例えば、こういうコードたち。フォークやロックで多用されるオープンコード、別名カウボーイ・コード。必然性なく重ねられた音を持つトライアド。最近流行のダッドシューズのような魅力を感じます。

カウボーイ・コード

参考:ダサいダッドシューズ。これがいまカッコいい。郊外の靴流通センターなどで手に入るという。洗練を拒否する荒々しい魅力。ダイエットを拒否し今日もビールを飲み続けるお父さんのようなシューズだ!

 

V7上でのミクソリディアン

4度進行するドミナントコードの上では、オルタード・テンションを弾くのがジャズの常。ジャズっぽいサウンドを狙うにはまずオルタード、みたいなことも言われます。特に反論はしないのですが、V7上であえてオルタードテンションを弾かず、ミクソリディアンを使う。言い換えれば、ナチュラルテンションだけを使用する。奇をてらわない。ドラマを拒否する。川の流れのように… Be water, my friend.

ルートから弾きはじめる

フレーズを弾く時、例えばCm7と書かれていたらCの音からはじめる。これは最も簡単で直感的な方法である反面、退屈であるとも言われてしまいます。そればっかりやっているからうまくならないのだ。アプローチノートからはじめてみたまえ、コードなら転回系を覚えなさい! などといった小言が飛んでくることも。

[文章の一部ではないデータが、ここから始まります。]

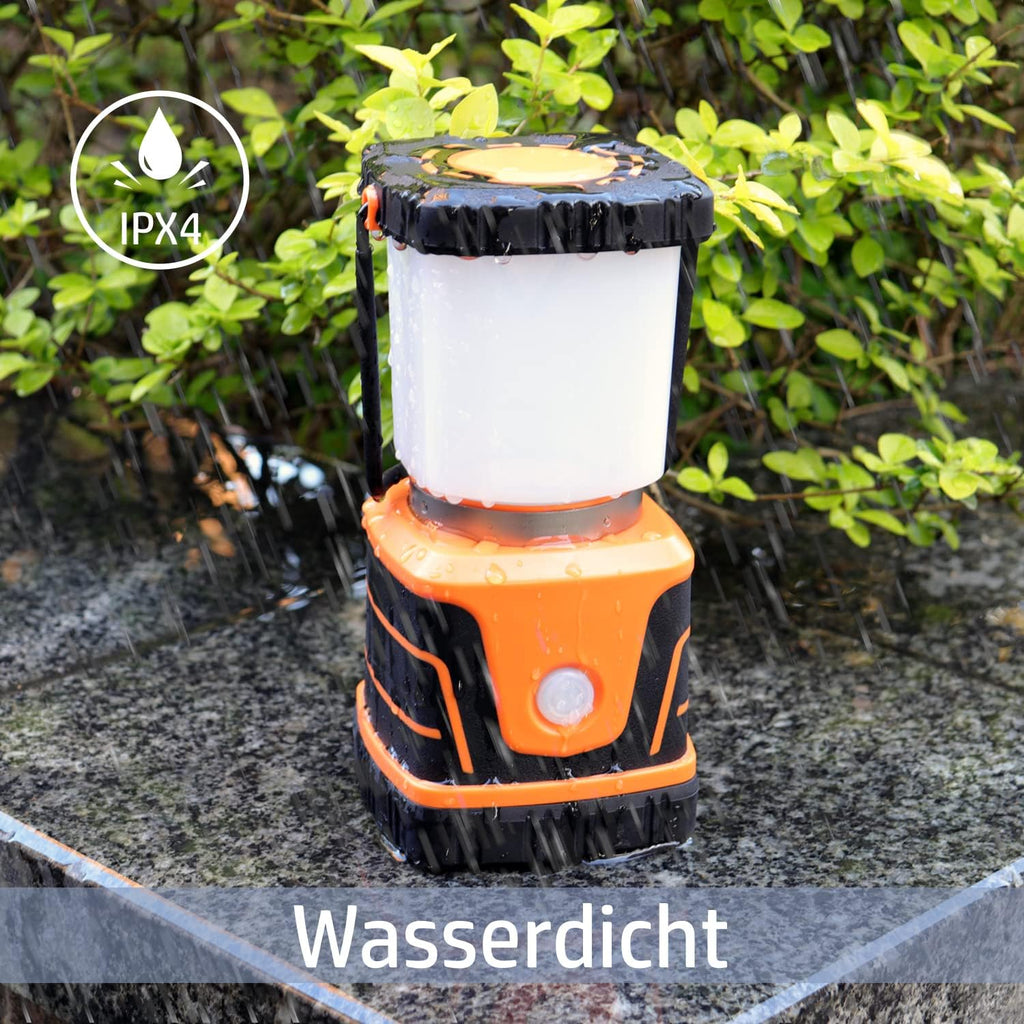 DA LIGHT Led-campinglamp, superhelder, 1500 lumen, 4 lichtmodi, dimbaar, op batterijen werkende noodlamp, geschikt voor nachtwandelingen, tentverlichting, noodgevallen, stroomuitval enz. (oranje)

しかし、そこをあえてルートから。反抗的にルートから。ルートで何が悪い。文句あるか! ドーンとルートを弾く。そしてベーシストと目があってしまったら「エヘヘ…」と照れくさく笑ってみる。

スペイン(チック・コリアの曲)

ジャムセッションで必ずと言っていいほどコールされる有名曲。ライブで客席からリクエストが入る頻度も高い。その華麗なリフを何度となく弾いているうちに「おらもうこんな曲イヤだ!」とうんざりしてしまうギタリストも少なくないという。だがこれも数年に1度は必ず「うおおーっスペイン、カッコいいわ!」と興奮する瞬間がやってくる。そんな時は静かに目を閉じ恍惚としてひたすら16分音符を弾こう。

アンプ直結リバーブゼロ

エフェクターがほしい。ほど良いリバーブがほしい。ディレイがないなんて考えられない。でないと自分の音楽にならない。そんなふうに思っていても、アンプにシールド直挿し、リバーブゼロの完全デッドなセッティングで弾くと、その化粧っ気のない音に己の真の姿を感じる。そこにあるのは、本当の自分との出会い。鏡に映し出されたその自分は、美しくとも、美しくなくとも、感動的だ。

ラリー・コリエル

ラリー・コリエルというギタリスト。ジャズにロックギター的要素を持ちこんだギタリストの1人としてファンだった方も多いはず。そしてファンの方々には申し訳ないのだが、私はこの人の音楽にはあまり魅力を感じたことがなかった。こういうふうには弾きたくないと思ってさえいた。しかしこの「枯葉」での彼のソロ(2:02-)はどうだ。完全に浮いている。ジョンスコとアバークロンビーの視線もどことなく冷たい。

でもこの演奏は、1周回ってカッコ良く思えてきました。でっかいギターを歪ませて、速く弾く。熱くなってきたら、立ち上がる。この「枯葉」は全員の演奏が素晴らしいと思うのだが、いろんな意味でコリエルが全部持っていった感じがする。

勿論、この後に順番が回ってきてしまった不幸なアバークロンビー氏もいつもの演奏ができていてカッコいい。誰もがその時その時の自分の音楽をやっているから、カッコいい。飾ることなく、剥き出しにされた己の姿。最終的に、人はそこに戻ってくるのである…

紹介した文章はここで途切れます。